RECORDS SUPPLIED =>

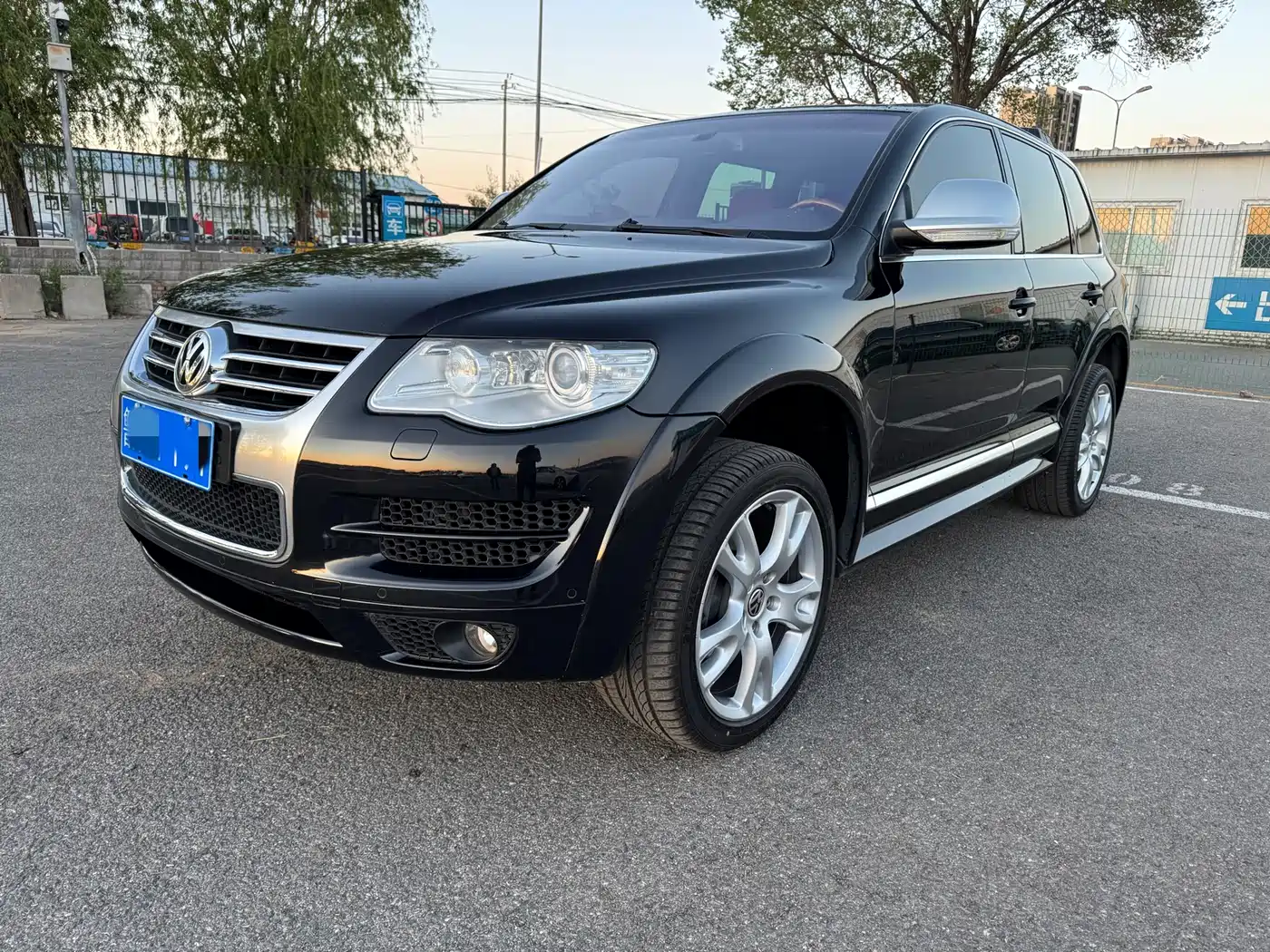 Volkswagen Touareg 2013 2010 3.6 Limited Luxury Edition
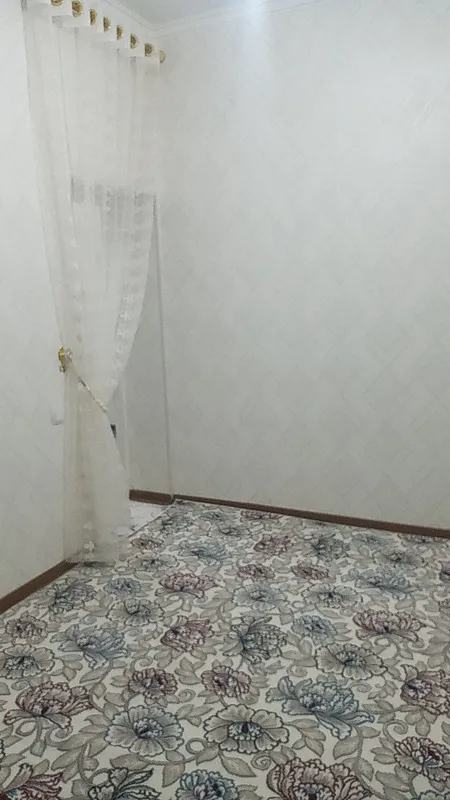 Гулистон . новостройка томонда янги люксовой дом 3 хонали 4- етажида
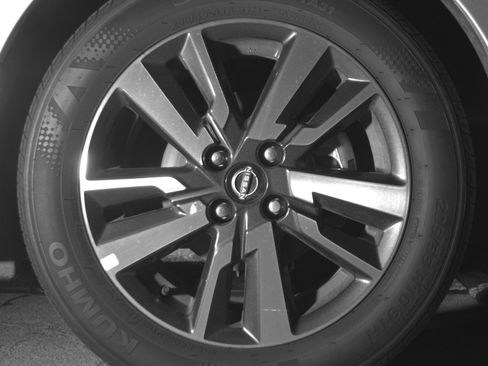 Used 2025 Nissan Versa SV FWD image 10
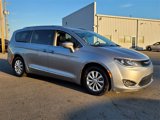 Used 2018 Chrysler Pacifica Touring-L image 2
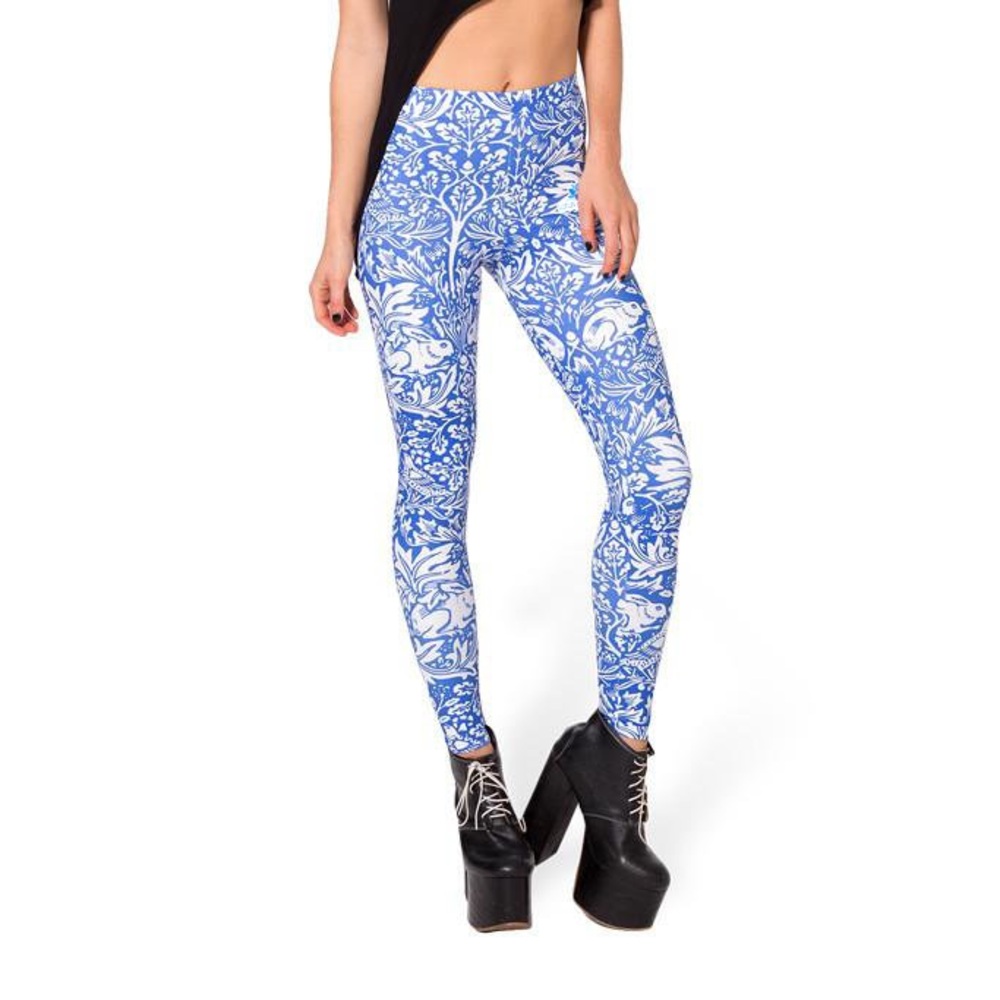 Blackmilk Clothing William Morris Br’er Rabbit Leggings Size M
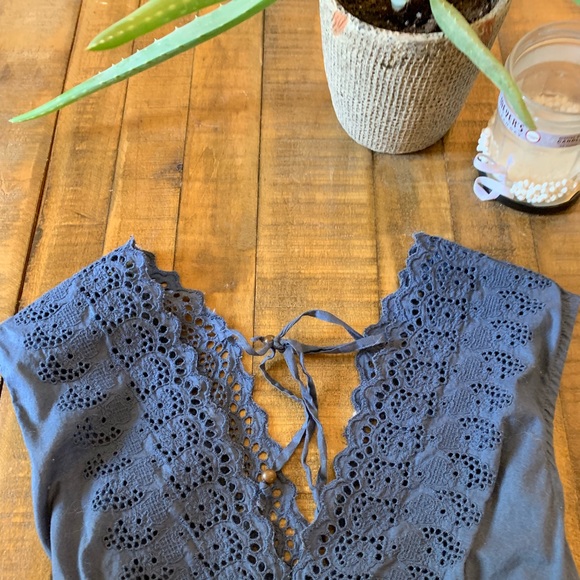 ✨adorable linen top with crochet detail✨ - Picture 2 of 2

TO DO => Each record above is to be copied out exactly; its pictures are not.

SOLUTION =>
 Volkswagen Touareg 2013 2010 3.6 Limited Luxury Edition
 Гулистон . новостройка томонда янги люксовой дом 3 хонали 4- етажида
 Used 2025 Nissan Versa SV FWD image 10
 Used 2018 Chrysler Pacifica Touring-L image 2
 Blackmilk Clothing William Morris Br’er Rabbit Leggings Size M
 ✨adorable linen top with crochet detail✨ - Picture 2 of 2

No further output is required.